O livro de Benjamin Moser não deixa de ser um documento essencial para conhecer Susan Sontag, os detalhes da sua vida – da ida para Berkeley logo depois da conclusão precoce do ensino secundário às escolhas políticas que foi fazendo ao longo da vida, por vezes titubeando nas suas próprias convicções, mas sempre assumindo o que pensava em cada momento, mesmo quando as regras que tinha estabelecido para si própria mudavam, passando pelos amores tempestuosos, pela escrita torrencial, pelo desafio constante de olhar o mundo e tentar percebê-lo em diálogo – e os momentos relevantes da sua obra.
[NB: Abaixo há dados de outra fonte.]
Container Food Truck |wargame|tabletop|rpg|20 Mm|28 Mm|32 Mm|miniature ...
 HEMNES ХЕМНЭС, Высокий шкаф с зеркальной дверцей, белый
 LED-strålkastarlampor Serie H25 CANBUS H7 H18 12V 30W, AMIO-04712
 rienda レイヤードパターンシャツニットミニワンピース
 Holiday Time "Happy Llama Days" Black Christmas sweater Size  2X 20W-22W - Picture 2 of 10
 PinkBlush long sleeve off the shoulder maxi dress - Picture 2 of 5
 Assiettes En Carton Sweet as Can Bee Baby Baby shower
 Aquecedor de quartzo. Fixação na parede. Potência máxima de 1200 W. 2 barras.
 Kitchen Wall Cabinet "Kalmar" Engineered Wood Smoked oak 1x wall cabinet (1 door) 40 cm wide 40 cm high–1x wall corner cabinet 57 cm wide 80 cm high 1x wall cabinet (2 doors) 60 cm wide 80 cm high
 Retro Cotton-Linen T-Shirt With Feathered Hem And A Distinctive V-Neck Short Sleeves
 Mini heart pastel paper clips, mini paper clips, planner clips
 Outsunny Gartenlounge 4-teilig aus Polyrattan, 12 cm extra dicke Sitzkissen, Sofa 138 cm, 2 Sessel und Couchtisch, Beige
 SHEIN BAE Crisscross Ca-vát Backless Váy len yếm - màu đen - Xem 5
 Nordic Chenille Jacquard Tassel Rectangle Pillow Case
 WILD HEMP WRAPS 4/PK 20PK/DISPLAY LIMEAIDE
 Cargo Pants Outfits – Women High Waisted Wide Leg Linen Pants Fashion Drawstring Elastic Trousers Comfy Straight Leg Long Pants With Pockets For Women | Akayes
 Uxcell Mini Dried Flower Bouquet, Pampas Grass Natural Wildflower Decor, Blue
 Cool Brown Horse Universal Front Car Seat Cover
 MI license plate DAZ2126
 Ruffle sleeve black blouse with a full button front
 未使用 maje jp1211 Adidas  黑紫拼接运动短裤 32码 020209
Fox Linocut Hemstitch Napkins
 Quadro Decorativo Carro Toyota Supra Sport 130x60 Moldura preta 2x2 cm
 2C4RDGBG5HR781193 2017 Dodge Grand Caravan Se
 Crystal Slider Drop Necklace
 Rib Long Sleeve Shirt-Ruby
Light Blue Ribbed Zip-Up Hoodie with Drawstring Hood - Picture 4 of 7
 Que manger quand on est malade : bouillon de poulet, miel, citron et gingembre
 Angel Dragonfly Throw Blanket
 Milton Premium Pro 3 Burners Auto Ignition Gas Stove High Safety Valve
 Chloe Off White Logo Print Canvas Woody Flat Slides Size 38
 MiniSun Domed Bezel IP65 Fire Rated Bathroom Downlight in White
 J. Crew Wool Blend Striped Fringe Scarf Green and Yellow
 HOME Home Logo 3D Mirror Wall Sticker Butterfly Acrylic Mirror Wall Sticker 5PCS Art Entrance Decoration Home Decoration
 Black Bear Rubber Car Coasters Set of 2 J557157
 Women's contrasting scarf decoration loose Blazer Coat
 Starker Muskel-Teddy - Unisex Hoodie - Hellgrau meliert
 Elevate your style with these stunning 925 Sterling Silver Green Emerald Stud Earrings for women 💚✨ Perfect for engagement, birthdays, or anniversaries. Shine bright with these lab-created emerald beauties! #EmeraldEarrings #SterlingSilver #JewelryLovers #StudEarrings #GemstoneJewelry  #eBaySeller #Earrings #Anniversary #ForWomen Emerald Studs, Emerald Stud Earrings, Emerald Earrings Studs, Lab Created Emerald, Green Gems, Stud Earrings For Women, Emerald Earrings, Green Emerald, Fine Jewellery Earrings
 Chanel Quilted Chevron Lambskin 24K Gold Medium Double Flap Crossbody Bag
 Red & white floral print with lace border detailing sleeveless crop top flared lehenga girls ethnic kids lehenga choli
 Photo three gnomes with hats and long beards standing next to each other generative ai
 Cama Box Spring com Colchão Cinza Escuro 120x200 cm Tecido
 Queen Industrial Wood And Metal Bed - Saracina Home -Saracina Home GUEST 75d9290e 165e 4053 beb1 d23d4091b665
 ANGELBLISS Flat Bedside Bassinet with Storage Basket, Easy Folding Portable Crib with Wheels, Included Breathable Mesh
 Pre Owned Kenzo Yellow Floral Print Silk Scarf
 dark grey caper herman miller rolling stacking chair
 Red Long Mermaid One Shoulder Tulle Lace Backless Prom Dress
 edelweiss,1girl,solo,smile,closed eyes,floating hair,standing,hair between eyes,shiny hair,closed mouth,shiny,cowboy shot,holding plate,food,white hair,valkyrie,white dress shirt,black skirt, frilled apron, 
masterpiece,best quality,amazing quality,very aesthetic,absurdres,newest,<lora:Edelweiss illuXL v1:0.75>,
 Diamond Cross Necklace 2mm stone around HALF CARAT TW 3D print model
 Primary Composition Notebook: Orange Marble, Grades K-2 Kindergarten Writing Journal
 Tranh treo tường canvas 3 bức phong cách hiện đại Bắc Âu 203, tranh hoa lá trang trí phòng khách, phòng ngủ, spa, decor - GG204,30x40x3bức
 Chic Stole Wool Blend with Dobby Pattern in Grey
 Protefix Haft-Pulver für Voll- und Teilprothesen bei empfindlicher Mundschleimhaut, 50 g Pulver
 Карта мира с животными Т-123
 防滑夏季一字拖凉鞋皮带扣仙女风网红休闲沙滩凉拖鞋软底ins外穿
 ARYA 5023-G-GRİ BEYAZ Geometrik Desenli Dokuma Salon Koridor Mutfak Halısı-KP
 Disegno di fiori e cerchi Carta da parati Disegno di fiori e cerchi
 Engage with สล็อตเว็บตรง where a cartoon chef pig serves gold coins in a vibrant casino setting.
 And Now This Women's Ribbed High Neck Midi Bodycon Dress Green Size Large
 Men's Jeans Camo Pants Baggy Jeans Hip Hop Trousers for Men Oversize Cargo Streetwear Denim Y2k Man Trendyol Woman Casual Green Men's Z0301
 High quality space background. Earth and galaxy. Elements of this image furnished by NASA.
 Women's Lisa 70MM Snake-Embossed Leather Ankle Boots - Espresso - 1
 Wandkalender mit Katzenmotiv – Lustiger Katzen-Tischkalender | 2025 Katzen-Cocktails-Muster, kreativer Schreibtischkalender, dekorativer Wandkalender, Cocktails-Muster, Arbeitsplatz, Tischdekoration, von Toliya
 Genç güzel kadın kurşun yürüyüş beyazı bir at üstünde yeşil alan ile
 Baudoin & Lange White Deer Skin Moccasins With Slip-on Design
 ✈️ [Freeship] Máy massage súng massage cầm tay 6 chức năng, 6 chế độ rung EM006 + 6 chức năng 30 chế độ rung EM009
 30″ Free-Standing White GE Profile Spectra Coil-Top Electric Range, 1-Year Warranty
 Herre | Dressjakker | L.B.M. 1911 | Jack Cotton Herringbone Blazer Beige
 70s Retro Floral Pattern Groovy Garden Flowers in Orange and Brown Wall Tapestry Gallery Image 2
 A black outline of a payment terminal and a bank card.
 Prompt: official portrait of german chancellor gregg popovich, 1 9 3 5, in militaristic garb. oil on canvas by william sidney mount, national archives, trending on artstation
Os vieses que nele se revelam merecem, também por isso, leitura e discussão atentas. E talvez o facto de ser um livro essencial e rigoroso na sua vertente documental e, ao mesmo tempo, conter uma série de abordagens problemáticas no que diz respeito à leitura biográfica seja a verdadeira razão da sua importância. Afastando a tendência hagiográfica que por vezes mina as biografias, Moser acabou por cair no extremo oposto, e ainda assim nunca perdeu a mão a uma linha narrativa que se esperava sólida, reveladora de documentação até aqui desconhecida e capaz de convocar leituras sobre a obra da autora à medida que ela ia sendo criada. Cumprida, e bem, essa vertente, o julgamento moral, a vocação patologizante e o exercício inconsistente de psicanálise não desaparecem, mas tornam-se motivo de debate e reacção, o que pode ser lido como um bom serviço prestado à obra de alguém que via na discussão exaustiva de ideias e pontos de vista um modo de evoluir intelectualmente.